Mission accomplished. Before heading out to South America, Isidre Esteve set himself the challenging goal of finishing the Dakar Rally in the top 20 of the overall classification. To achieve this, he decided that he needed to be in the top 30 by the end of the first week, and that's exactly what he has done: the Repsol Rally Team has completed the first part of the toughest race in the world in 27th position in the provisional ranking, with an accumulated time of more than 27 hours over six stages. His Sodicars Racing BV6 prototype with adapted controls on the steering wheel has helped him climb to the third spot in the T1.2 category.
The competitors waved goodbye to Peru and crossed the border into Bolivia during the stage this Thursday. They were met with changes in temperature and dune conditions due to the rain and altitude. Participants competing in cars covered a total of 760 kilometres (313 km special), leaving the Peruvian city of Arequipa in the early hours of the morning and arriving to capital of Bolivia, La Paz, after nightfall.
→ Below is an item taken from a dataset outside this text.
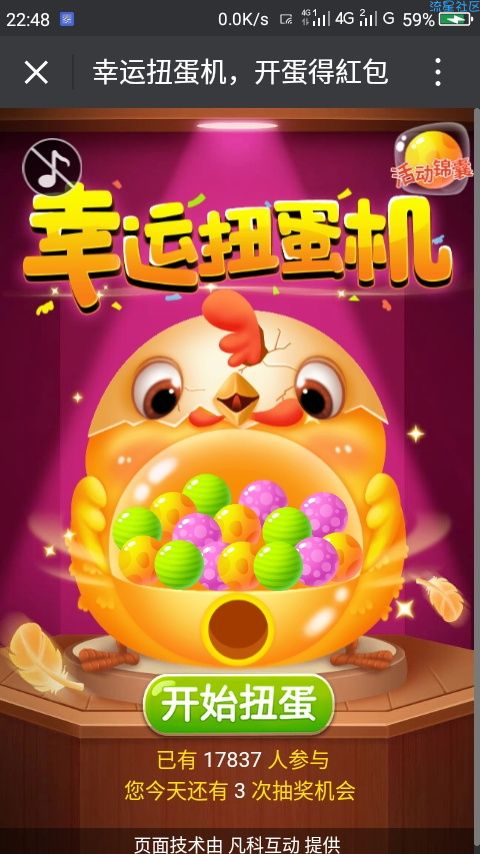 【现金红包】中了就是大包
"We have seen some really stark contrasts. In just two days we've gone from driving along the coast to the dunes, and then into snow-capped mountains at an altitude of 4000 metres. But despite all this, the hardest part was the fast road section at the end, which was muddy and rainy. We kept up a good pace and didn't make any mistakes or run into problems", explained a satisfied Isidre Esteve after crossing the finish line in 35th place with a time of 3:47:41.
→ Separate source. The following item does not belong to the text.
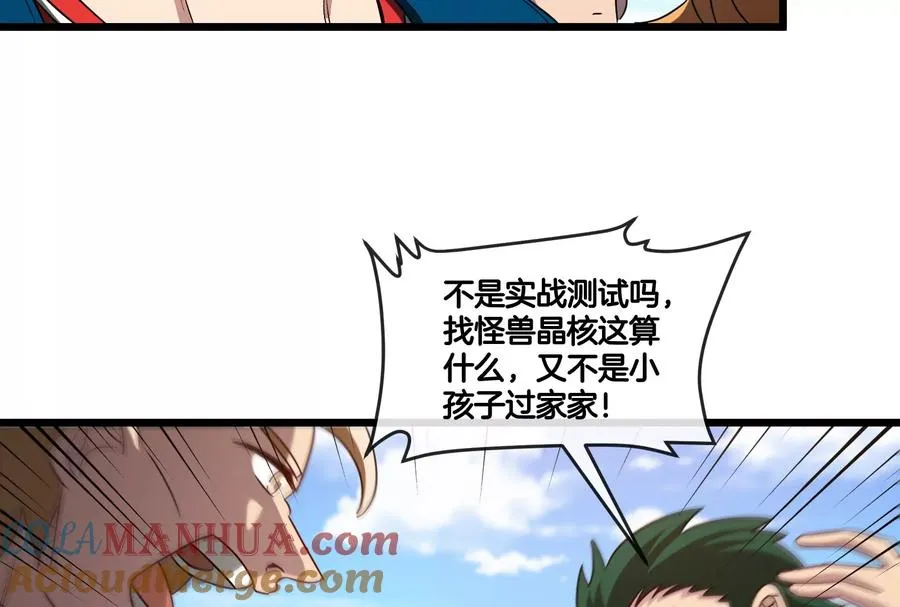 第30话 搜集怪兽晶核108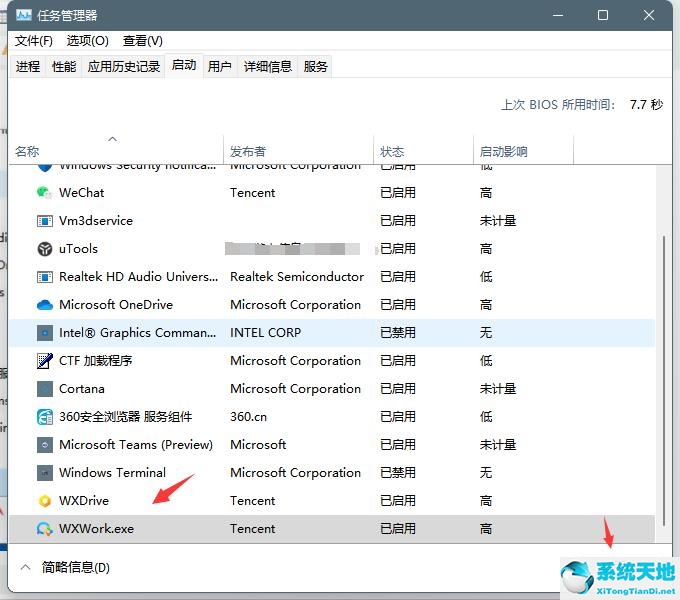 電腦右下角彈窗廣告怎么徹底關(guān)閉(windows 7彈窗廣告如何徹底刪除)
The driver, who is sponsored by Repsol and Onyx Seguros, said he was "very happy with the first week. It's been difficult but really great. The outlook is positive despite the difficulties we've experienced along the route, which hasn't been kind to us. But most importantly we haven't made any mistakes in our driving, my co-driver — Txema Villalobos — has done an amazing job with the navigation, and the car has performed really well on the dunes".
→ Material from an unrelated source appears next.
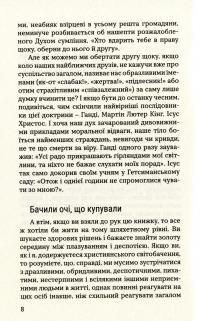 Боже, як жити зі складними людьми і не збожеволіти — Ґреґорі К. Попкек #7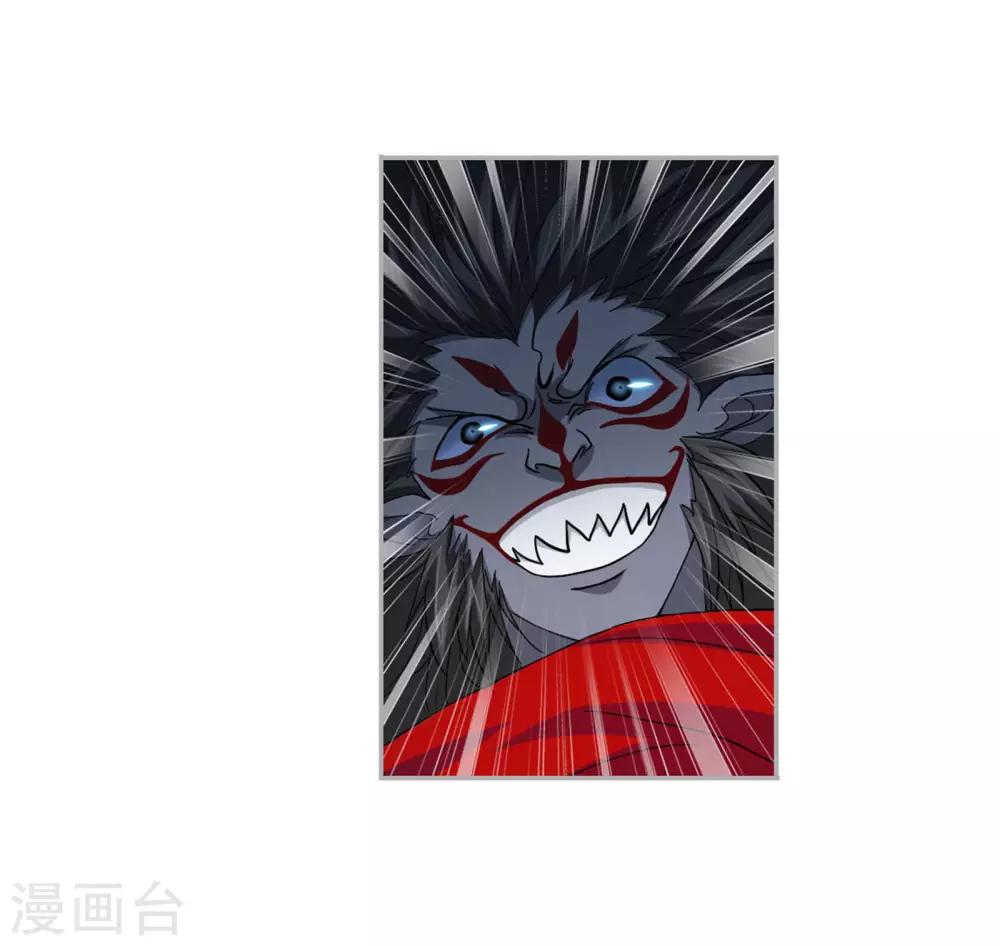 第723话 唐三的反击121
Tomorrow (Friday), Isidre and Txema will enjoy a well-deserved rest day, while the Repsol Rally Team roll up their sleeves to perform a thorough check of the prototype and get it ready for the second week of the race through Bolivia and Argentina.
The Oliana-born driver is looking forward to the difficult challenge that lies ahead, but he is also realistic. "The coming stages will be very complex, both the marathon just after the rest and the other stages in Argentina, where navigation will be key. I'm confident that our experience will be of great help. I think that, from this point onwards, the route will be easier for us, but we're aware we're up against some tough competition. We need to be better than them to bag a spot in the top 20, but that doesn't necessarily mean we need to go faster", he said.